[Caption-style text data]
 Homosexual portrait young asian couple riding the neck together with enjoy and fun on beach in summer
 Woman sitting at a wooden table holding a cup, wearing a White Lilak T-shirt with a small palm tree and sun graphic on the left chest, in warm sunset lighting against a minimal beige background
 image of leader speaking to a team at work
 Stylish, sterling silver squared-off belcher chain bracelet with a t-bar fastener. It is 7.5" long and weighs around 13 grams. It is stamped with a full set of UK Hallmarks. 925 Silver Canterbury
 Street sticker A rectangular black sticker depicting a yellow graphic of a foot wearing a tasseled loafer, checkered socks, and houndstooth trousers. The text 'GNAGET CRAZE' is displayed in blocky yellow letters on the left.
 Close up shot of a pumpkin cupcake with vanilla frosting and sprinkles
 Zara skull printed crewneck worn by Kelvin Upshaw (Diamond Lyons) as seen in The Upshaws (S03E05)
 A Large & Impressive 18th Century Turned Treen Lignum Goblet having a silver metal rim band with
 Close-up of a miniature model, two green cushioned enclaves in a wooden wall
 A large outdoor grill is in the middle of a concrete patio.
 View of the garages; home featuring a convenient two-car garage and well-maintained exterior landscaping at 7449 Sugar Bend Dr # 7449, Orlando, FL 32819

(EXERCISE REQUIREMENTS)
Copy out the lines above, from the one holding "Close up shot" through the final line, with no other lines.

(FINAL ANSWER)
 Close up shot of a pumpkin cupcake with vanilla frosting and sprinkles
 Zara skull printed crewneck worn by Kelvin Upshaw (Diamond Lyons) as seen in The Upshaws (S03E05)
 A Large & Impressive 18th Century Turned Treen Lignum Goblet having a silver metal rim band with
 Close-up of a miniature model, two green cushioned enclaves in a wooden wall
 A large outdoor grill is in the middle of a concrete patio.
 View of the garages; home featuring a convenient two-car garage and well-maintained exterior landscaping at 7449 Sugar Bend Dr # 7449, Orlando, FL 32819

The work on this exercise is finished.